Create Zipfile in Python in memory on Web Server

Question

I'm working on a HTML WYSIWYG editor, and I am currently working on a 'Download' feature where the user can press a Download button to download a zip file of their theme. I am using a Python CGI script to achieve this feature. Currently, my script makes a zip file and prompts the user to Download it, but when I try to decompress the zip file, it only creates another zip file with the extension '.cpgz'. I believe that my script did not create the zip properly.

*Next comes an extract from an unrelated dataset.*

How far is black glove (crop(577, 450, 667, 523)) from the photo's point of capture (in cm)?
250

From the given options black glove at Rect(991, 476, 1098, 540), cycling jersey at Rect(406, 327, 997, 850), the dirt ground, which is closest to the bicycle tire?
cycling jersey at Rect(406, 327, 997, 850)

I am using the 'zipfile' module to create a zipfile object in memory instead of on Disk, the 'StringIO' module to create a filelike object in memory, and the 'cgi' module to accept POST data from an Ajax request.

My problem is in my for-loop. The 'zf' zip file isn't adding the files and sub-directories from the 'layoutDir' parameter I passed into os.walk(). The script will prompt the browser to download the zip file, but I am unable to decompress it.

#!/usr/bin/python

import sys
import os
import zipfile
import StringIO
import cgitb

cgitb.enable()

layoutDir = 'http://localhost:8888/funWYSIWYG/public/views/layouts/Marketing'

tmpZip = StringIO.StringIO() 
zf = zipfile.ZipFile(tmpZip, 'w', zipfile.ZIP_DEFLATED)

for root, dirs, files in os.walk(layoutDir):
    for name in files:
        absfn = os.path.join(root, name)
        relfn = absfn[len(layoutDir) + len(os.sep):]
        zf.write(absfn, relfn)

zf.close()

sys.stdout.write("Content-Type: application/octet-stream\r\n")
sys.stdout.write("Content-Disposition: attachment; filename=\"funWYSIWYG-Marketing.zip\"\r\n\r\n")

sys.stdout.write(tmpZip.getvalue())

# Close opened file
tmpZip.close()

UPDATE 1: I got rid of some of the irrelevant stuff that was in my code. I also correct the typo with 'absfn' and 'adsfn'. The code above now represents exactly what I have in my local code editor. I am still having the same problem with being unable to decompress the zip file that is made.

UPDATE 2: Here is what the 'Marketing' directory looks like on my computer.

|---- Marketing
      |---- css
      |    |---- default.css
      | 
      |---- img
      |
      |---- index.html

As a side note, [`os.path.relpath`](http://docs.python.org/2/library/os.path.html#os.path.relpath) is a much better way to get a relative path than trying to work out the length of the prefix and slicing it off manually. — abarnert, Jan 06 '14 at 05:42
Also, `\r\n\n` is almost never what you want in any context. If you need to send CRLF, you need `\r\n\r\n`. If you don't, you just want `\n\n`. I can't think of any case where you want some CRLFs and some plain LFs. — abarnert, Jan 06 '14 at 05:44
Finally, is this your actual code? If so, your problem is a simple typo: `adsfn` will raise a `NameError` because there is no such variable. If not, then please give us an [SSCCE](http://sscce.org) that actually runs and demonstrates the problem. (Another part of it being an SSCCE is stripping out the irrelevant stuff. Unless you think the CGI stuff is related to the problem, give us a simpler program that just creates the zipfile and, say, saves it to a local file.) — abarnert, Jan 06 '14 at 05:48

abarnert · Answer 1 · 2014-01-06T20:25:57.733

1

If this is your actual code, your problem is a simple typo:

zf.write(adsfn, relfn)

You don't have a variable named adsfn, you have one named absfn. So this will raise a NameError and fail to return anything.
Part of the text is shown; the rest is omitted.